Le mois de juillet est là et nous surprenons le souffle d’une baleine à bosse dans le lagon. ça y est, cette grande migratrice est arrivée en Polynésie et apercevoir sa nageoire caudale s’élever au-dessus des flots est toujours un moment fascinant !
Après plusieurs mois passés en Antarctique, les baleines à bosse parcourent des milliers de kilomètres pour donner naissance à leurs petits dans les eaux chaudes du Pacifique. Elles y allaitent leurs baleineaux avant leur première grande migration vers l’Antarctique. Les baleines perdent ainsi jusqu’à un tiers de leur poids, soit environ dix tonnes. Les baies et lagons leur offrent un abri face à leurs prédateurs naturels : les requins et les orques.
Aujourd’hui, les activités humaines perturbent les baleines, venues dans nos lagons chercher du calme et du repos. Les mises à l’eau, l’approche et la vitesse des bateaux sont sources de stress et parfois de collisions. Deux associations agissent pour sensibiliser la population au respect de ces grands mammifères marins, dans le sanctuaire que leur offre les eaux limpides de la Polynésie.
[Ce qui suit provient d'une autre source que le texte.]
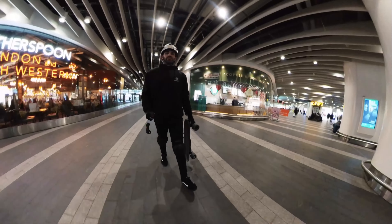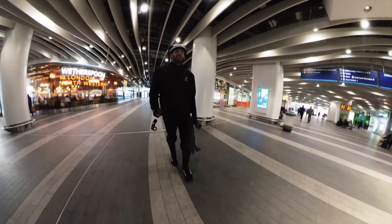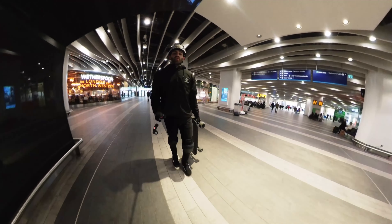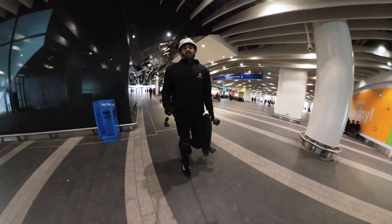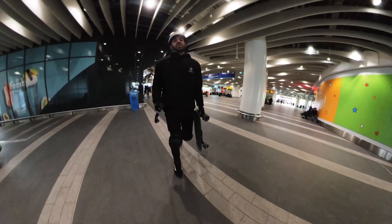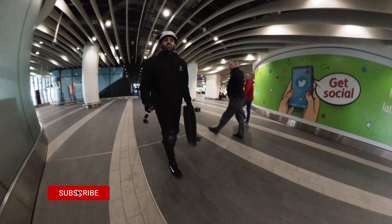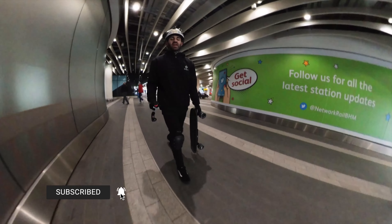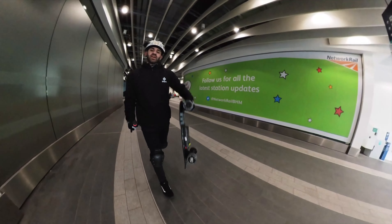The advantage of a board like this is you can just grab it and incorporate it into your daily commute. If you're commuting to work and you've got a short walk to the train station or the bus station, you can just grab your board, walk onto your train or bus, and it's a really small package — not heavy in any way, really convenient and really light.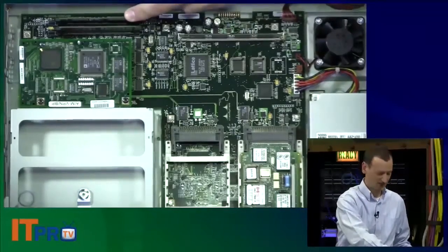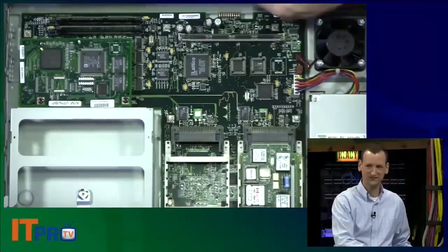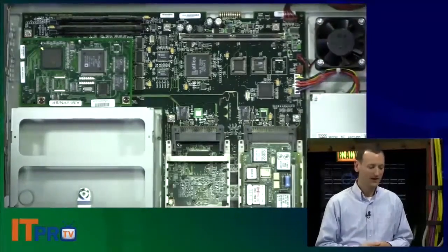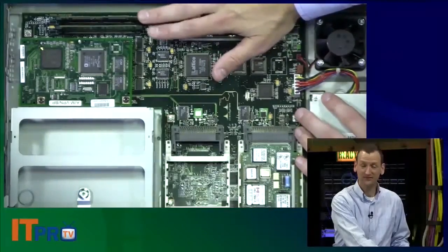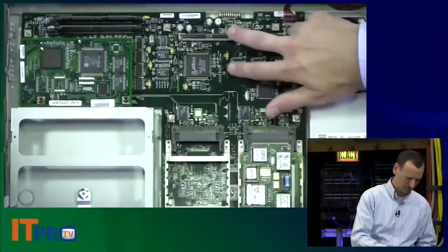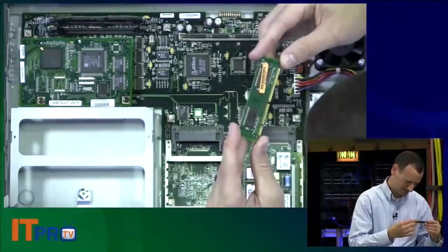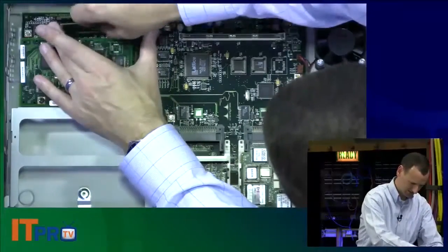There are two sets of memory sticks on this unit. One of them is RAM — that's what you run off of, just like in a PC — and the other one is Flash, which is where your operating system and file storage occurs, so it's like the hard drive. I'm not sure which is which on this particular unit; the chip doesn't have the markings I'm used to.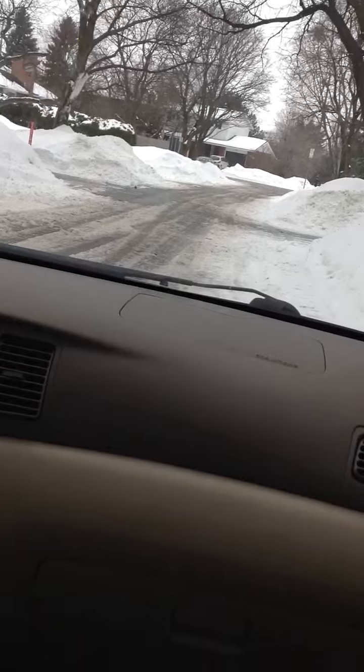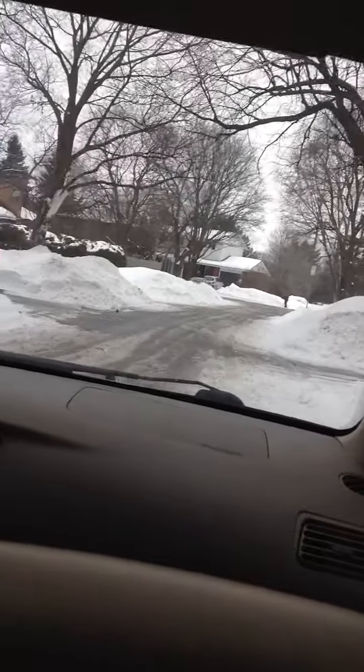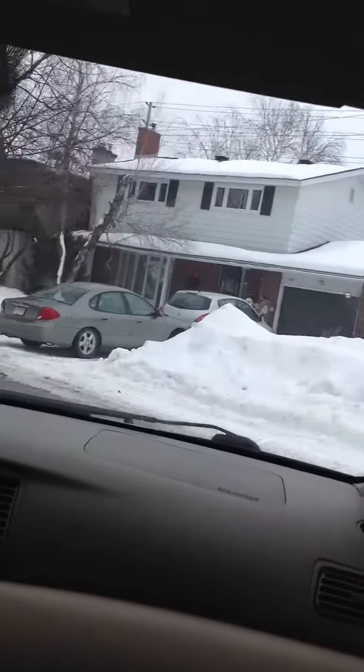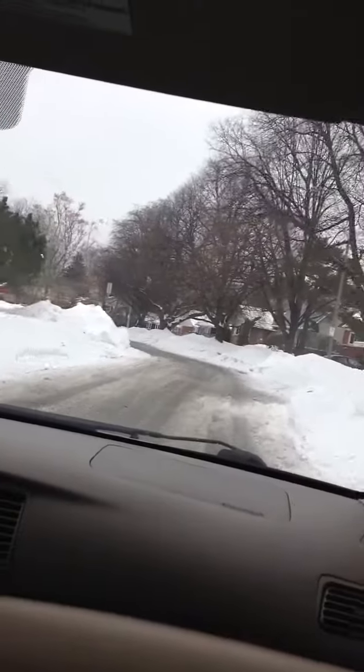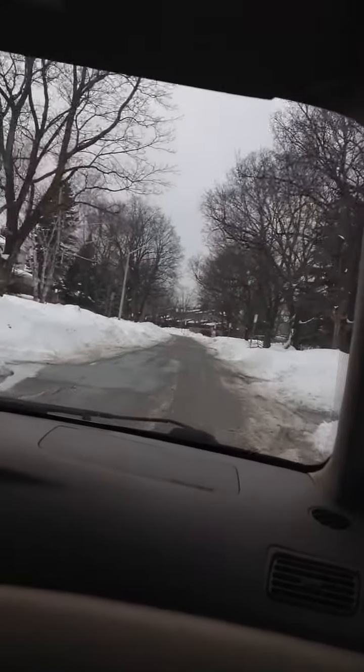Here I go with my third experiment on the camera thing in the car. I'm hoping this one will focus on the outside better. I'll put on my seat belt so it doesn't make a noise. I'm going to touch the screen again to make sure it's focusing on the outside and not on the dashboard.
Zoom sur…
Un souffle au loin, un dos, une caudale, une nageoire… C’est ce que nous cherchons tous à apercevoir durant cette période bien connue en Polynésie : celle des baleines à bosse.
La baleine fascine, attire le regard, force l’admiration et questionne. La petite Charlotte, quatre ans, n’y échappe pas lorsqu’elle découvre pour la première fois l’histoire du grand bleu sur une cassette VHF, du Commandant Cousteau. Depuis, elle a tout mis en œuvre pour accomplir son rêve : devenir Cétologue (Biologiste spécialiste des cétacés). Objectif réussi pour la jeune femme qui a bien grandit et exerce aujourd’hui en Polynésie.
Elle constate que de nombreuses questions restent sans réponse concernant les cétacés peuplant nos eaux. C’est ainsi qu’elle fonde en décembre 2017 l’association Oceania, avec trois objectifs principaux :
Plusieurs actions sont menées, notamment la sensibilisation auprès des enfants et jeunes du fenua. Charlotte a su s’entourer de passionnés comme elle et c’est ainsi qu’ensemble, ils interviennent dans les écoles (de la primaire à l’université) et centres de vacances de Tahiti, Moorea et parfois dans les îles éloignées.
Vigie Sanctuaire est peut-être l’action la plus connue du grand public.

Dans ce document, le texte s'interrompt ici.